In my final year at primary school (when traditional teaching methods largely prevailed) there was a lad who had twice been held back a year because he had failed the end of year exams. To watch and hear him, when he was asked to stand up and read was painful, and as for his arithmetic…! But he didn’t care. A couple of years later I ran into him at the shops. He’d never got beyond that final year, and left school when he was 15. But now he was working as a builders apprentice, and happy as Larry. Where he went from there I don’t know but, even as a young teenager, it made me realise that children coming from certain upbringings will never fit into the school system, and consequently never succeed.
Upbringing: A word that, in certain groups, spreading in the sixties, was seen as deeply unfashionable. Laissez-faire liberalism, to them, was the answer. Are we ever going to be able to rein that in? We must give it a shot.
Redneck – great proposals but none are possible until 3 (b) in your list has been accomplished. Our own removal from the ECHR. This replaced Magna Carta and the Bill of Rights and prevents us from practicing common sense. Even withdrawal from the EU would not give us rights to hang child molesters. The ECHR is the first on the list to go. And it would be the hardest to remove, since the politics of Britain’s minority groups owe their lavish existence to it. Once that’s gone, points 1, 2 4 and 6 would automatically follow, and then there is education: if *even* super lefty gob Janet Street Porter can say comfortably on prime TV as she did a few weeks ago that she thinks that children should sit in neat rows facing the teacher with their traps shut, then I would say that the sixties’ liberal idea of relaxed education is completely dead and kept alive only by the insistence of a tiny minority. Let’s find these people, crush their arguments with polls, and campaign to restrict the tax money they receive. You will probably find that they will convert to capitalism when their socialist money making scheme is over, like Derek Hatton who now develops property on Crete, or some Greek island.
Socialism is capitalism without the rigours of the market. A way of carving a career without ever having to face proper criticism (i.e. that no-one will buy your product). The poor dears, Fatty Abbott, Red Ken, Bob the Old Crowe, have not enough belief in themselves that they could create something that people would buy and that they could sell enough of it to keep on swilling Veuve Cliquot and holidaying in Tuscany.
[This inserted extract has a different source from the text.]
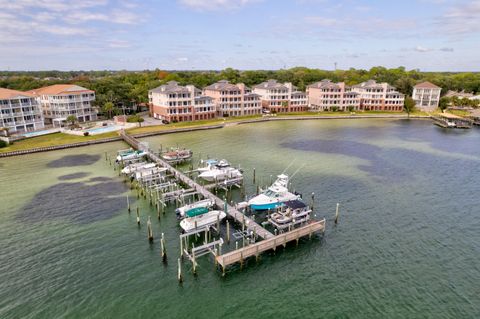 A home in Fort Walton Beach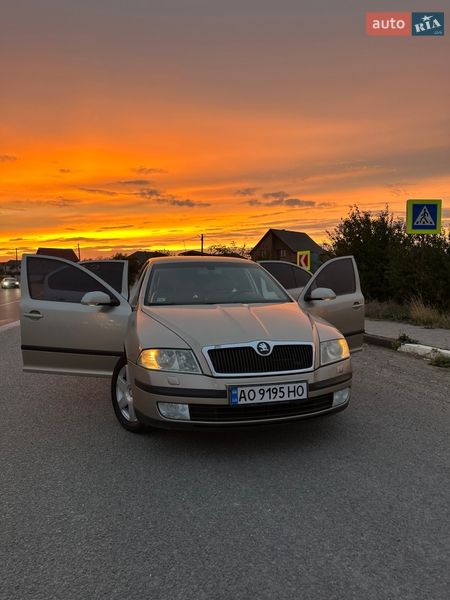 Лифтбек Skoda Octavia 2005 в Виноградове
Let’s help them out by cutting off the tax money and putting their understanding of mankind to the real test. In the market. Perhaps then they will find out how restrictive and poverty-inducing their own policymaking has been all these years.
Anyone see the pro-Capitalist black man on QT Thursday? What a guy! Love a black capitalist. They scare lefties to death! They turn the whole leftie machine on its head! Like Ann Coulter, a sexy and powerful woman who loves old school men! Hahaha.
AWK – I do not believe Kenneth Williams let a stranger into his house at 4:30 a.m.or any other time. He was notoriously fussy and stand offish. He wouldn’t even let legitimate guests use the loo. He used to send them across the street to the tube station.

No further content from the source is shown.